*Exercise instructions*. Beneath this sentence is a listing. Return its lines from the one containing "Asian-style teapot, 1.2" through the last, exactly, and omit the pictures.

Start of Dataset records

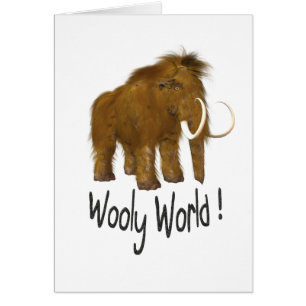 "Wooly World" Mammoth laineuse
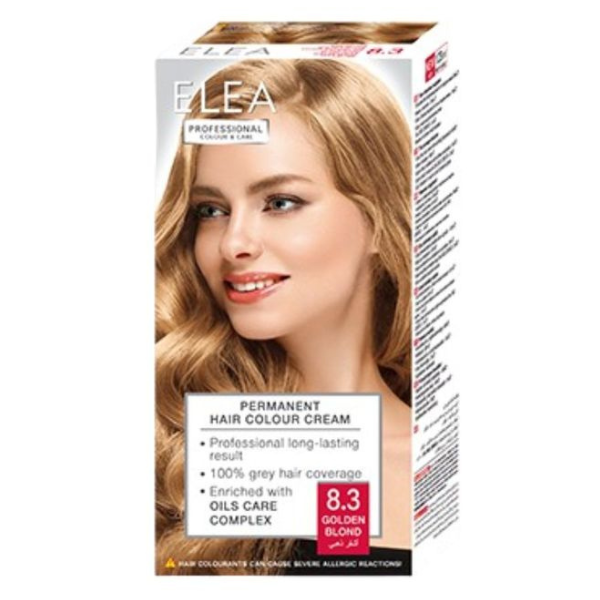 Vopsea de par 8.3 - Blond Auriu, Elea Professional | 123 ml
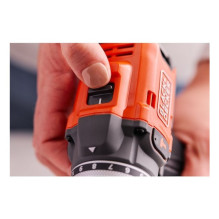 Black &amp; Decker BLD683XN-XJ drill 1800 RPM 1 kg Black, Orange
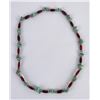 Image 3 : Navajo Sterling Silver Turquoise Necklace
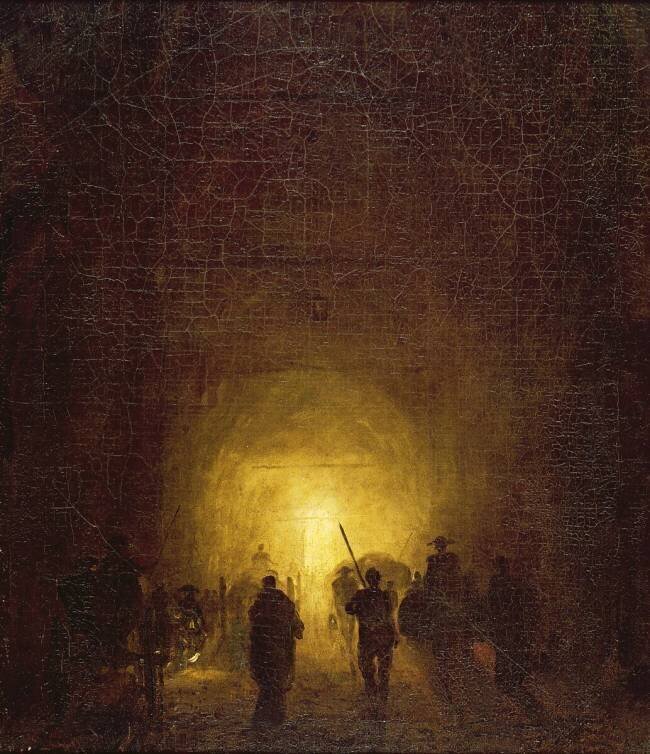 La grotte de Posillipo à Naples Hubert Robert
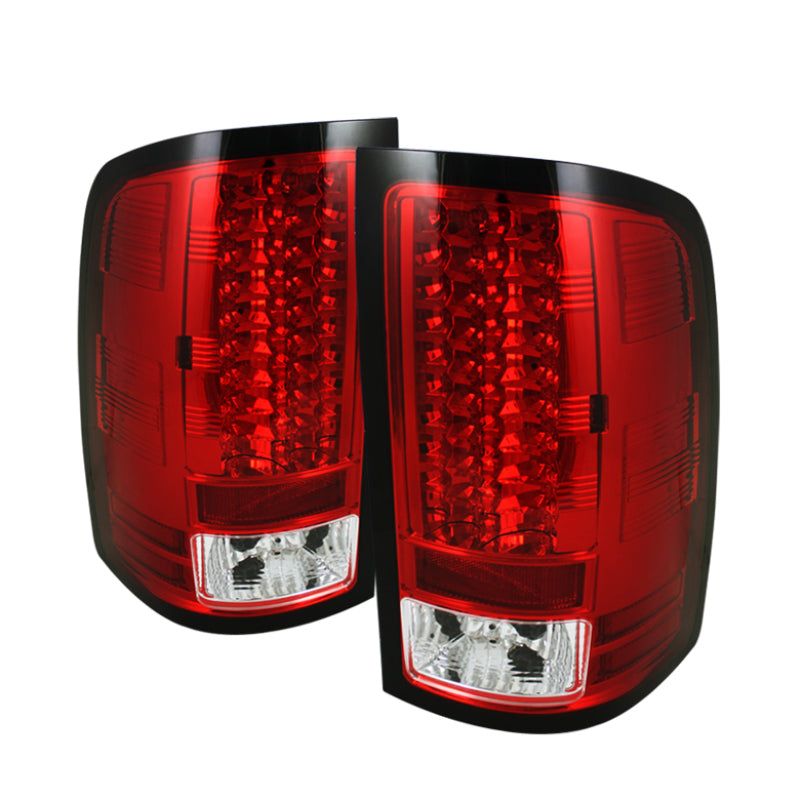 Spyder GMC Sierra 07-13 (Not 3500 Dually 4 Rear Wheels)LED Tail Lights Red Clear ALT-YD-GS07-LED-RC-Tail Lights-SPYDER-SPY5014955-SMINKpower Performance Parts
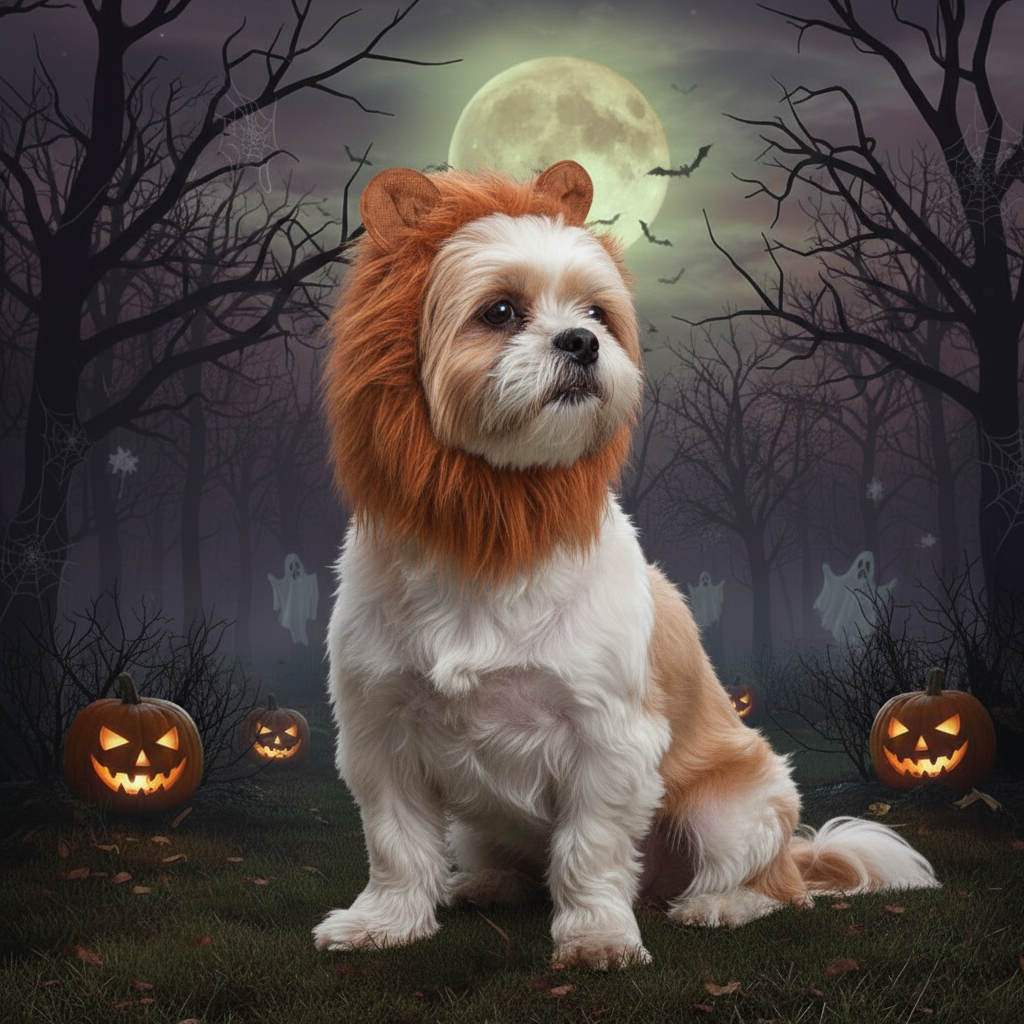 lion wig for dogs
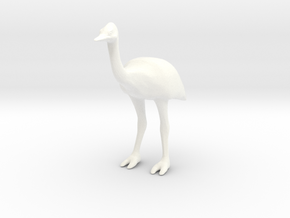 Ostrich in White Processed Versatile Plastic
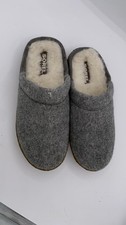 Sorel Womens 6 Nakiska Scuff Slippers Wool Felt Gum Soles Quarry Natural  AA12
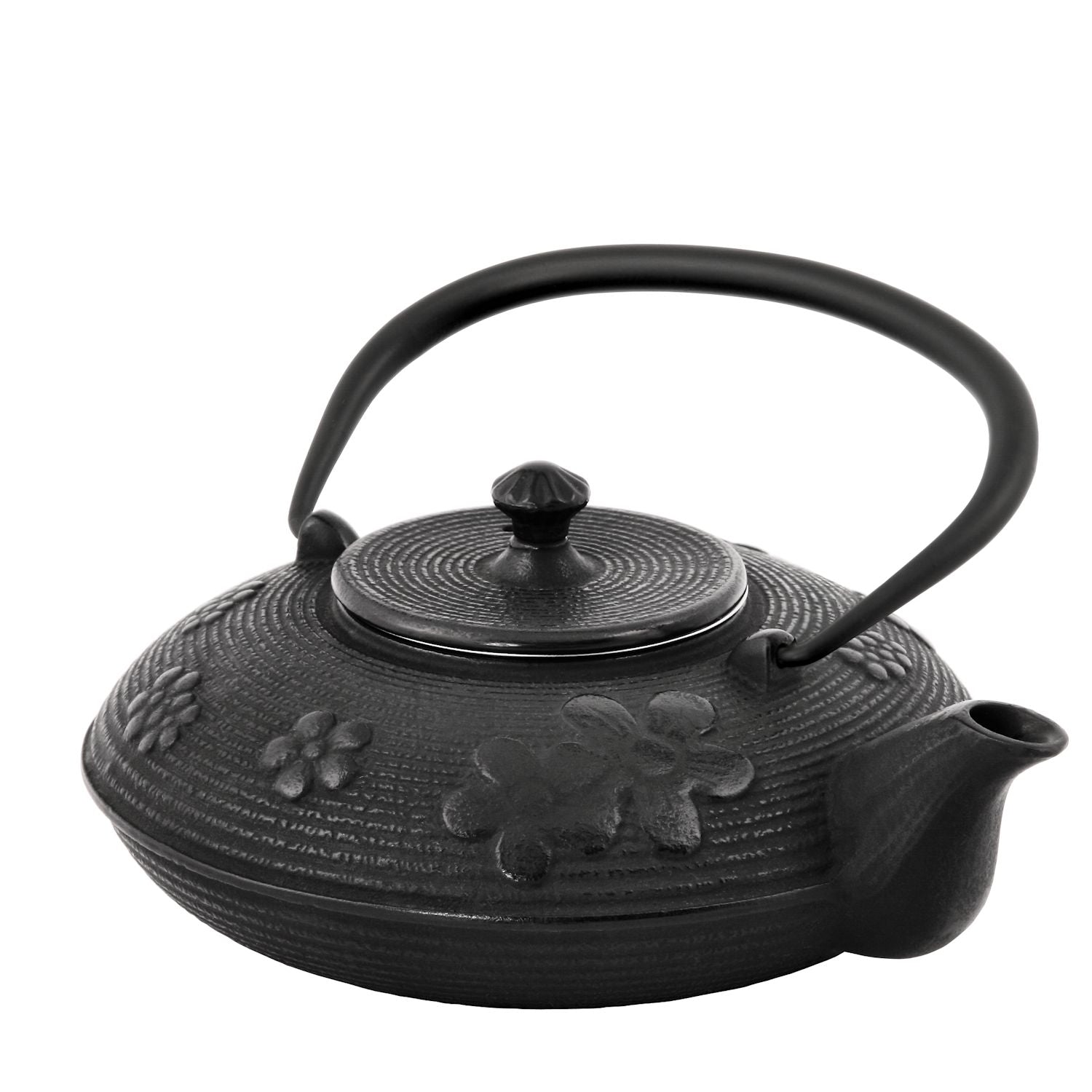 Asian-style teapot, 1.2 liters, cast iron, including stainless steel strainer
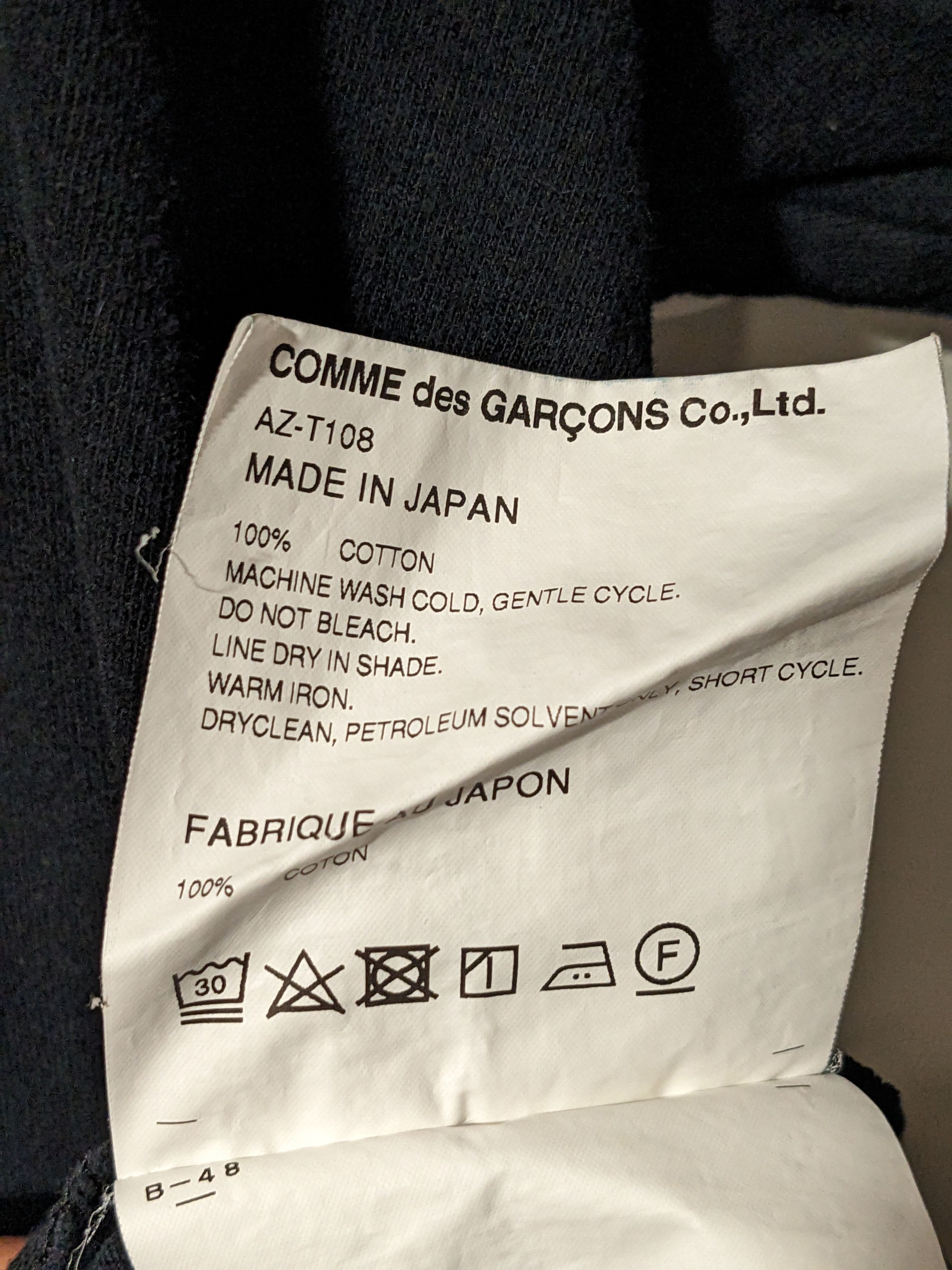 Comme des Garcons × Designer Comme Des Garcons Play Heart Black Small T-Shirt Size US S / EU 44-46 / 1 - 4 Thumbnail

End of Dataset records

*Exercise result*.
 Asian-style teapot, 1.2 liters, cast iron, including stainless steel strainer
 Comme des Garcons × Designer Comme Des Garcons Play Heart Black Small T-Shirt Size US S / EU 44-46 / 1 - 4 Thumbnail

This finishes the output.